Saeed bin Suroor is the longest serving trainer for Godolphin, the international horseracing operation founded by Sheikh Mohammed in 1992. Formerly a member of the Dubai Police Force, he was first appointed in 1995 and, nowadays, splits his year between Al Quoz Stables on the outskirts of Dubai and Goldolphin Stables in Newmarket Suffolk.

Bin Suroor made a dream start to his training career, saddling Lammtara to win the Derby, the King George VI and Queen Elizabeth Diamond Stakes and the Prix de l’Arc de Triomphe, Moonshell to win the Oaks and Classic Cliché to win the St. Leger in his first season. In 1996, he collected the 2,000 Guineas with Mark Of Esteem and, in 1998, completed the full set of British Classics, with Cape Verdi in the 1,000 Guineas.

Fast forward two decades and Saeed bin Suroor, 39, has saddled over 2,100 winners worldwide. He has won the British trainers’ championships four times – in 1996, 1988, 1989 and 2004 – and his 180 Group 1 winners include 12 British Classic winners and seven Dubai World Cup winners. He has also won the Prix de l’Arc de Triomphe (three times), the Breeders’ Cup Turf (twice) and the Arlington Million.

In 2010, out of the blue, Godolphin appointed a second Newmarket-based trainer, Mahmood Al Zarooni, to share responsibilities with Saeed bin Suroor. Despite assurances that Al Zarooni did not “pose a threat” to Bin Suroor, the former did enjoy far and away the better season in 2011. The following season, Al Zarooni won the Dubai World Cup with Monterosso and the St. Leger with Encke but, in 2013, was found guilty of administering anabolic steroids to 11 horses and subsequently “warned off” for eight years.
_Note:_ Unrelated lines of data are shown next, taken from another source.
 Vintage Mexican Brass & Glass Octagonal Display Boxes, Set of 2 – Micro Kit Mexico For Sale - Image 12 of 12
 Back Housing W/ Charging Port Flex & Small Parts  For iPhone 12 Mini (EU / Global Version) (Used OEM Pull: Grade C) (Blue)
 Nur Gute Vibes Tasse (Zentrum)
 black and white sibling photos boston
Meanwhile, Bin Suroor saddled Colour Vision to win the Gold Cup at Royal Ascot in 2012 and Farhh – who’d been placed in Group 1 company five times in 2012 – to win the Lockinge Stakes at Newbury and, on his return from injury, the Champion Stakes at Ascot in 2013.
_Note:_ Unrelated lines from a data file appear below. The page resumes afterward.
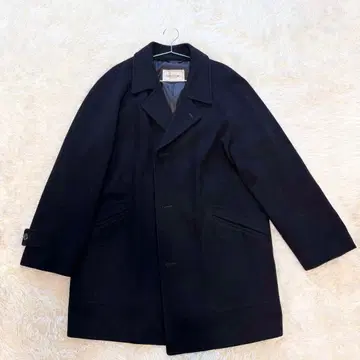 새상품급 ARBINO UOMO 울 100% 체스터 코트 블랙 남성용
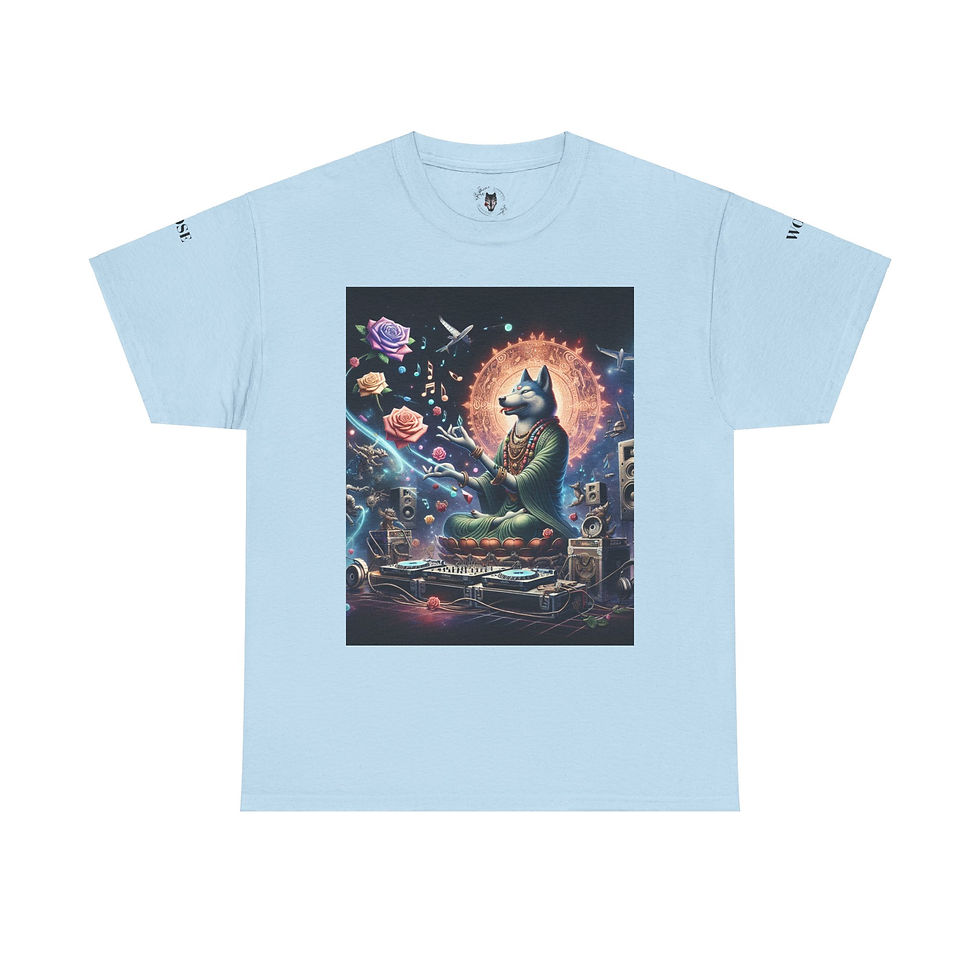 Thumbnail: "Enlightenment" Unisex Heavy Cotton Tee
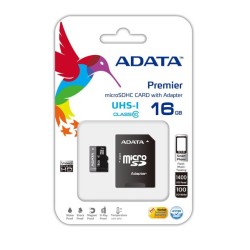 ADATA 16GB MicroSDHC UHS-I Class10 +SD adapter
At the time of writing, Saeed bin Suroor is enjoying a successful time at the Meydan Carnival, with seven winners from his 21 runners in the last 14 days. His recent successes include Thunder Snow in the Al Maktoum Challenge R2 and Promising Run in the Balanchine, both Group 2 events. Domestically, he’s also saddled three winners from seven runners, so far, in 2018 and has plenty to which to look forward when he returns to Newmarket in April.